Copy the data that follows exactly, and include none of its images.

**Extracted records**

════

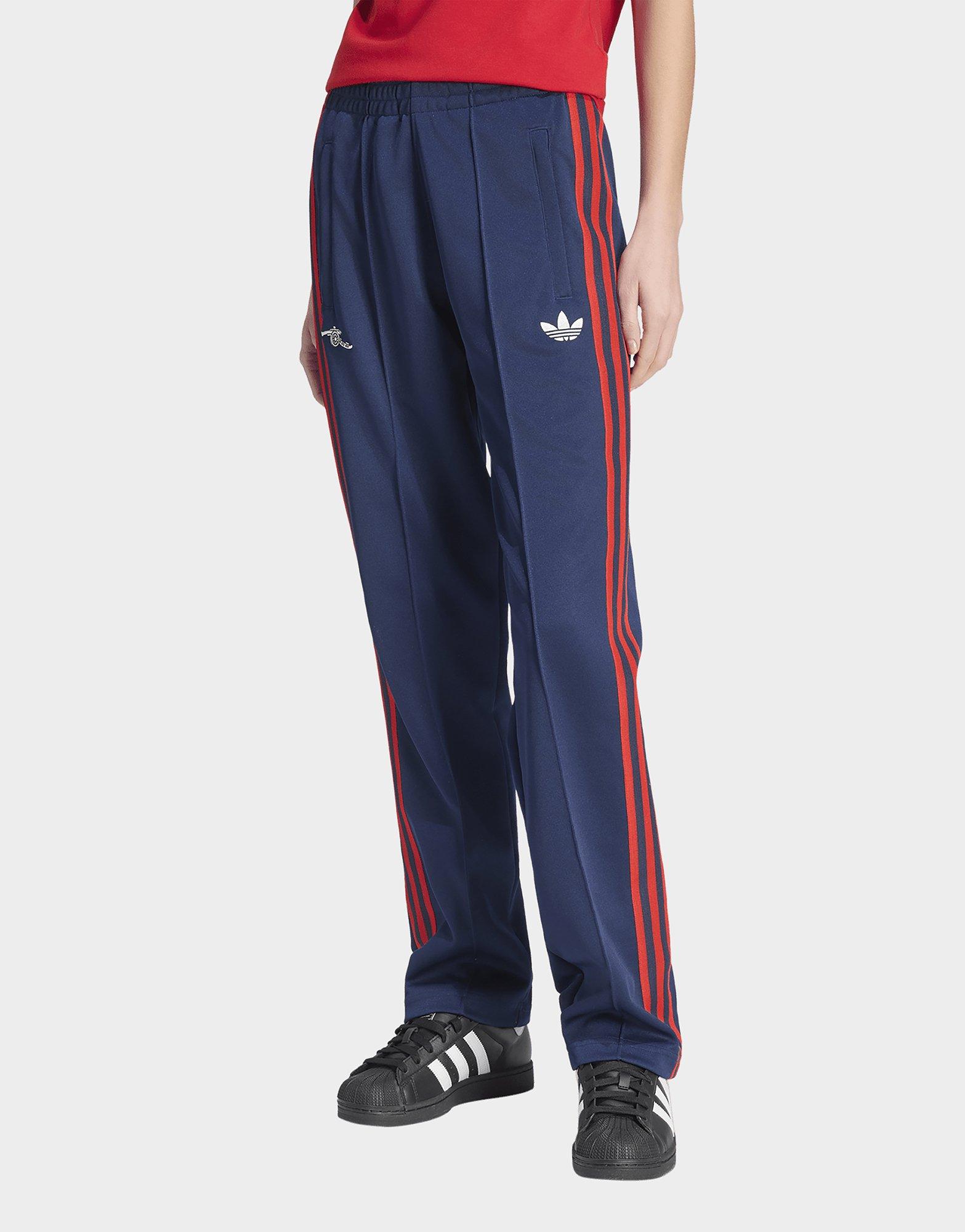 adidas Pantaloni da allenamento Arsenal FC OG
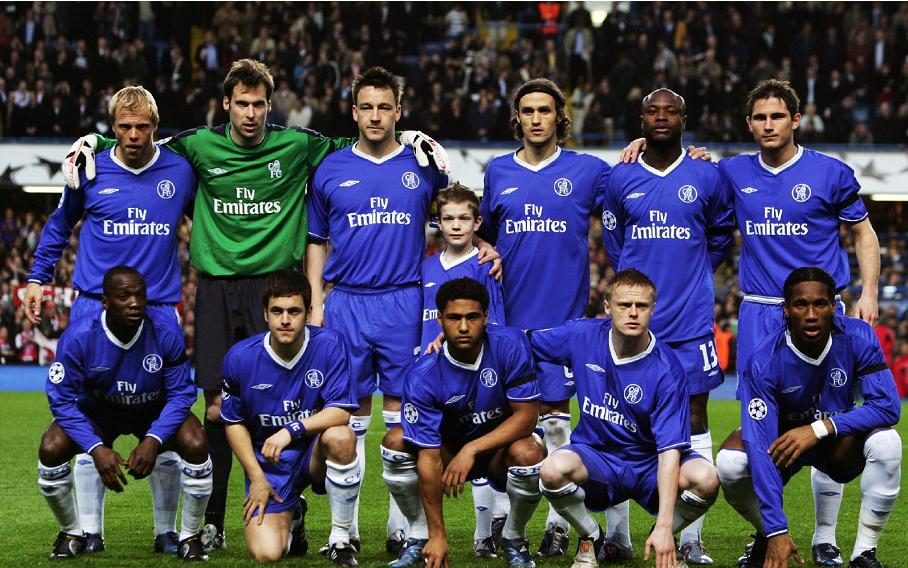 价值投票 价值投票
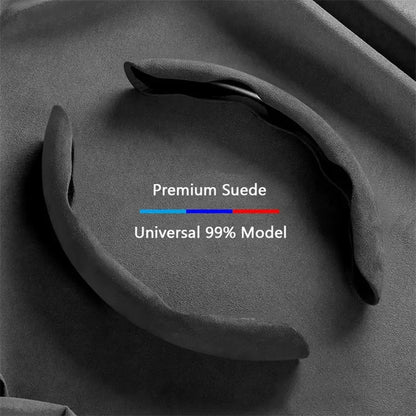 Non-Slip Car Wheel Cover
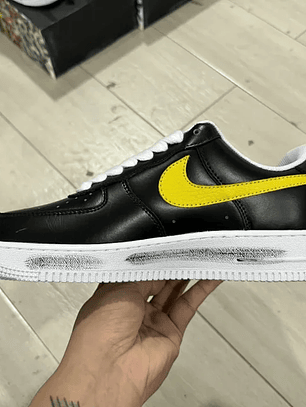 AF1 PEACEMINUSONE Para-Noise 3.0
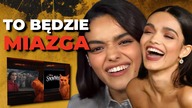 DISNEY DOSTANIE TO, NA CO ZASŁUŻYŁ.  Nowa Śnieżka? TO BĘDZIE RZEŹ I MASAKRA (Snow White)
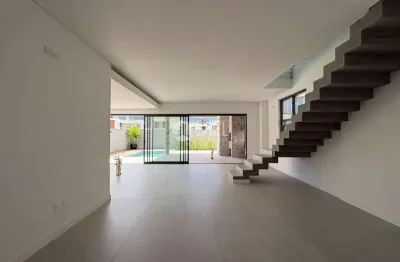 A casa perfeita no viva park, venha conhecer!, vivapark, porto belo - sc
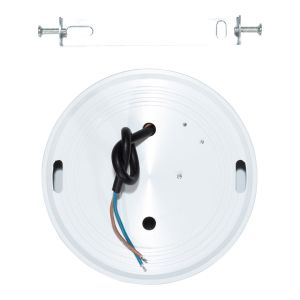 230_volt_led_inbouwspot_dimbaar_smdl-5-237-w-c-06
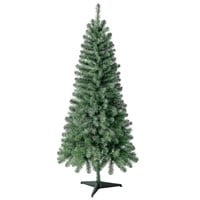 TN5021  6ft Green Wesley Pine Tree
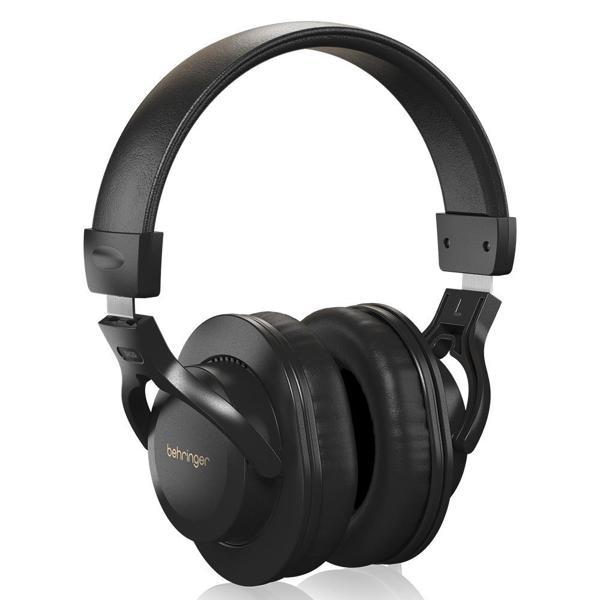 Behringer BH20 Stüdyo Kulaklığı - Image 1
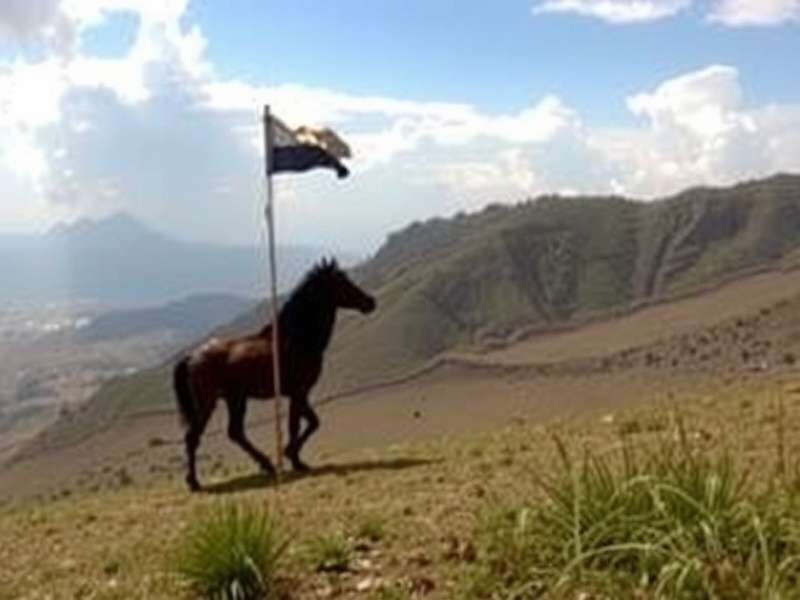 Duolingo owl mascot with a Game of Thrones style crown and map of Africa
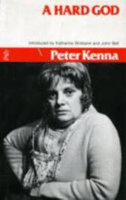 Peter Kenna wwwdoolleecomImagesplays19033gif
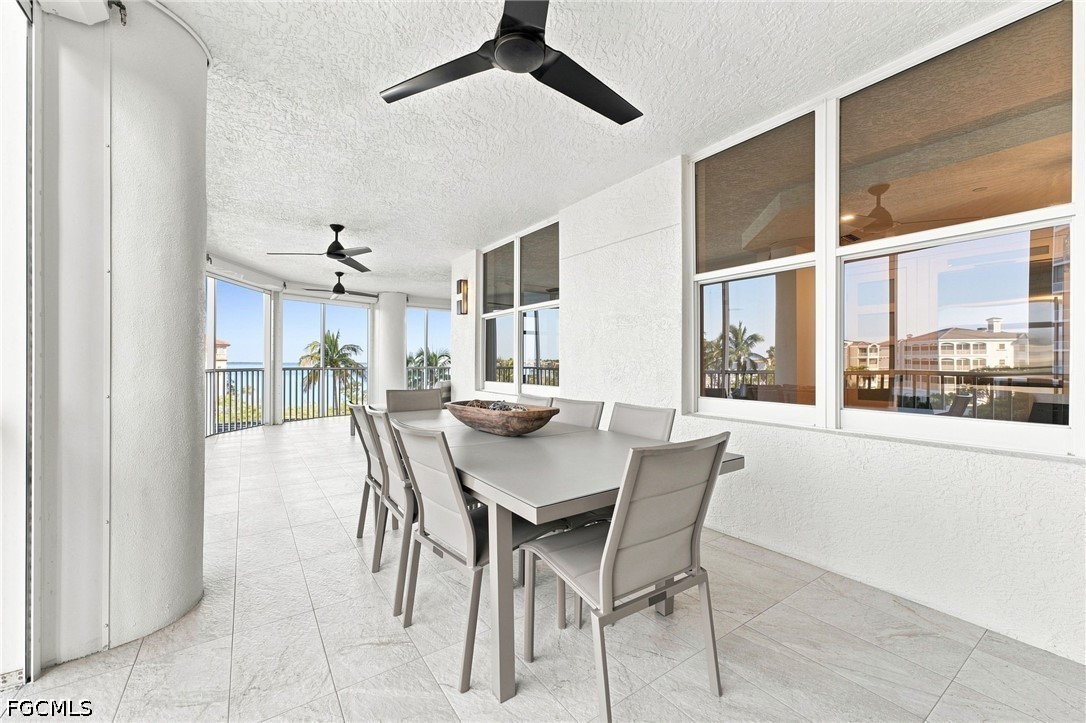 3 Bed Waterfront Home for Sale in The Shores, photo 33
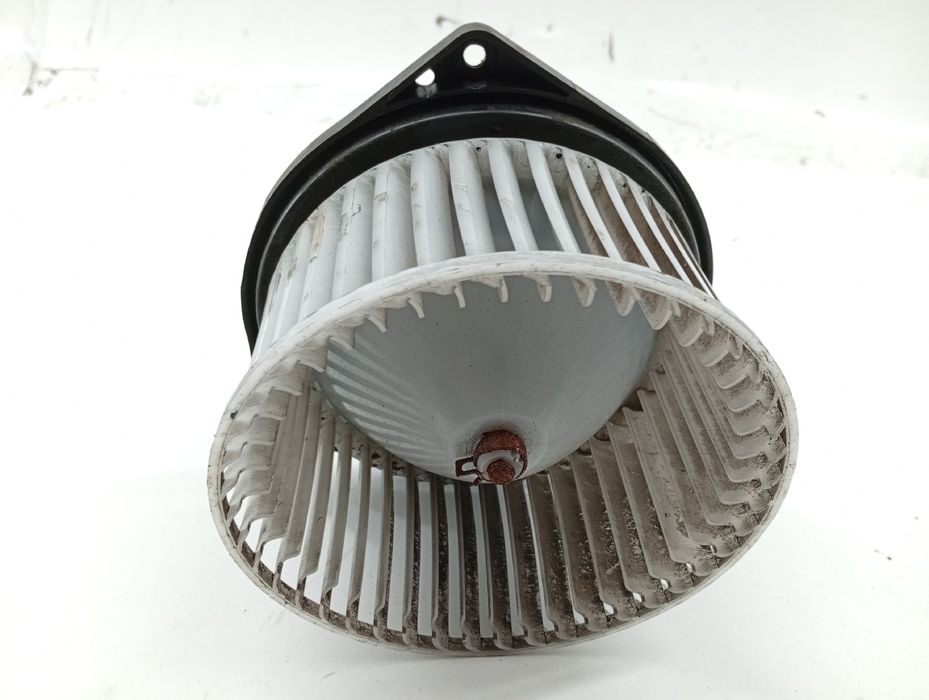 Motor de Sofagem - SUBARU IMPREZA Hatchback (GP_) | 11 -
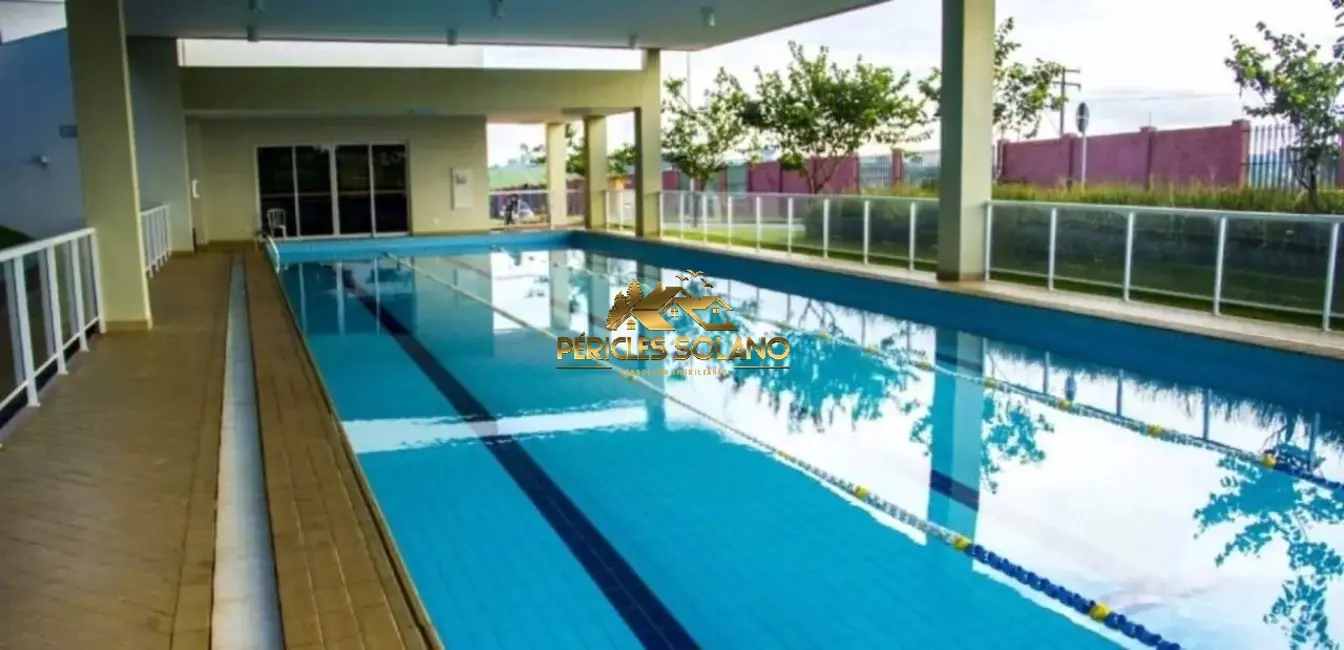 Casa de Condomínio com 3 quartos à venda, 250m2 em Jardins Verona, Goiania - GO - imagem 2 Foto 2 de Casa de Condomínio com 3 quartos à venda, 250m2 em Jardins Verona, Goiania - GO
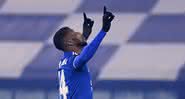 Leicester atropela o Braga na Liga Europa - Getty Images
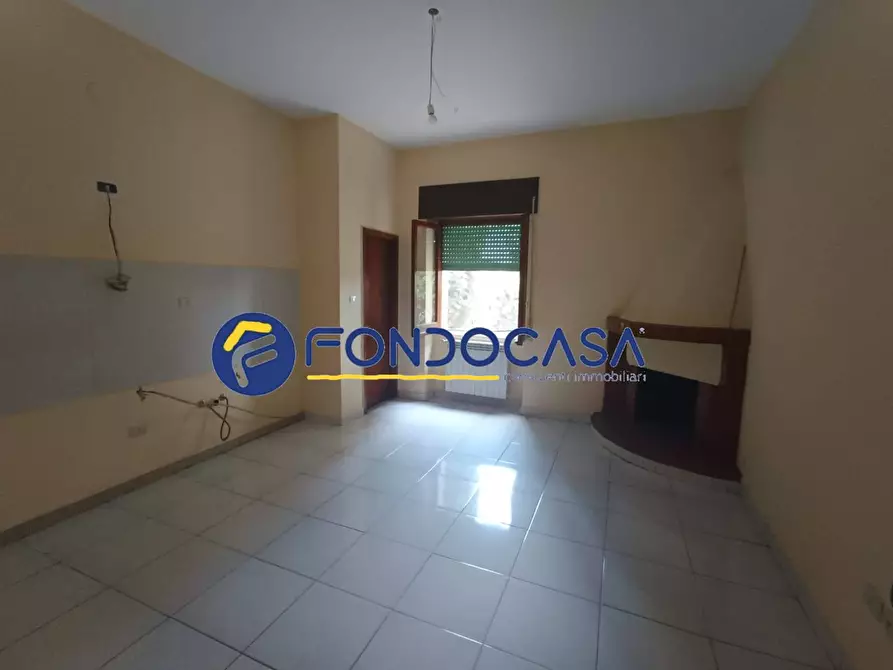 Immagine 20 di Villa in vendita  in via calore 10 a Benevento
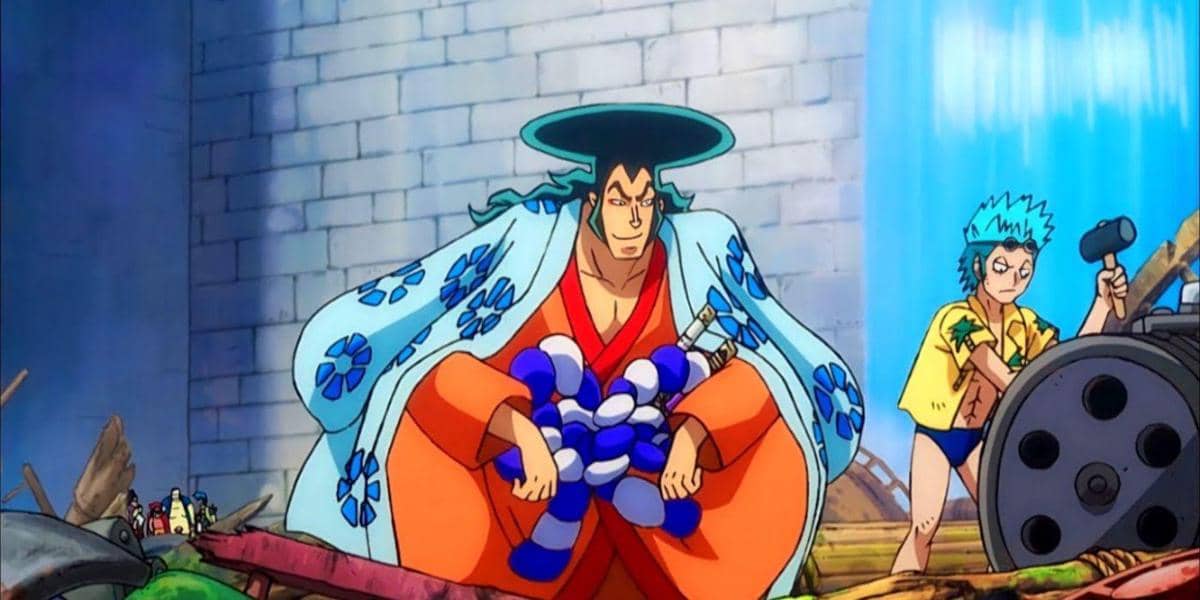 franky dan oden.jpeg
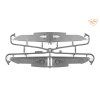 culver pq 14a 1 48 CLEARPROP CP4815 03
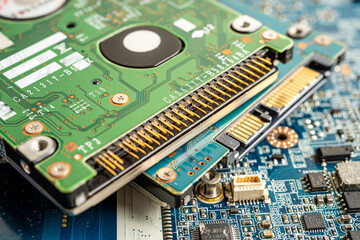 micro circuit main board computer electronic technology, hardware, mobile phone, upgrade, cleaning...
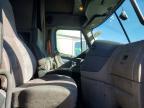 2017 Freightliner Cascadia 125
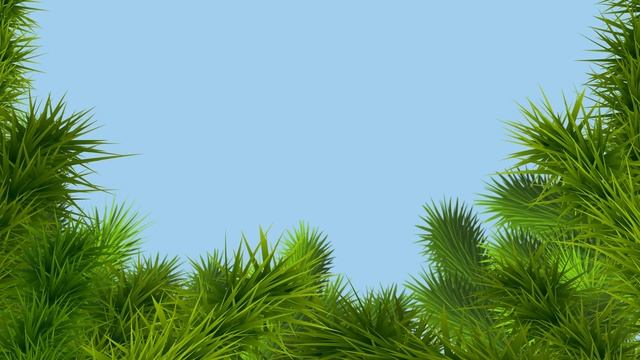 CAT GAMES - Cuckoo!!! ? (Entertainment VIDEOS FOR CATS TO WATCH) 4K 60FPS смотреть онлайн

════

**Response**
 adidas Pantaloni da allenamento Arsenal FC OG
 价值投票 价值投票
 Non-Slip Car Wheel Cover
 AF1 PEACEMINUSONE Para-Noise 3.0
 DISNEY DOSTANIE TO, NA CO ZASŁUŻYŁ.  Nowa Śnieżka? TO BĘDZIE RZEŹ I MASAKRA (Snow White)
 A casa perfeita no viva park, venha conhecer!, vivapark, porto belo - sc
 230_volt_led_inbouwspot_dimbaar_smdl-5-237-w-c-06
 TN5021  6ft Green Wesley Pine Tree
 Behringer BH20 Stüdyo Kulaklığı - Image 1
 Duolingo owl mascot with a Game of Thrones style crown and map of Africa
 Peter Kenna wwwdoolleecomImagesplays19033gif
 3 Bed Waterfront Home for Sale in The Shores, photo 33
 Motor de Sofagem - SUBARU IMPREZA Hatchback (GP_) | 11 -
 Casa de Condomínio com 3 quartos à venda, 250m2 em Jardins Verona, Goiania - GO - imagem 2 Foto 2 de Casa de Condomínio com 3 quartos à venda, 250m2 em Jardins Verona, Goiania - GO
 Leicester atropela o Braga na Liga Europa - Getty Images
 Immagine 20 di Villa in vendita  in via calore 10 a Benevento
 franky dan oden.jpeg
 culver pq 14a 1 48 CLEARPROP CP4815 03
 micro circuit main board computer electronic technology, hardware, mobile phone, upgrade, cleaning...
 2017 Freightliner Cascadia 125
 CAT GAMES - Cuckoo!!! ? (Entertainment VIDEOS FOR CATS TO WATCH) 4K 60FPS смотреть онлайн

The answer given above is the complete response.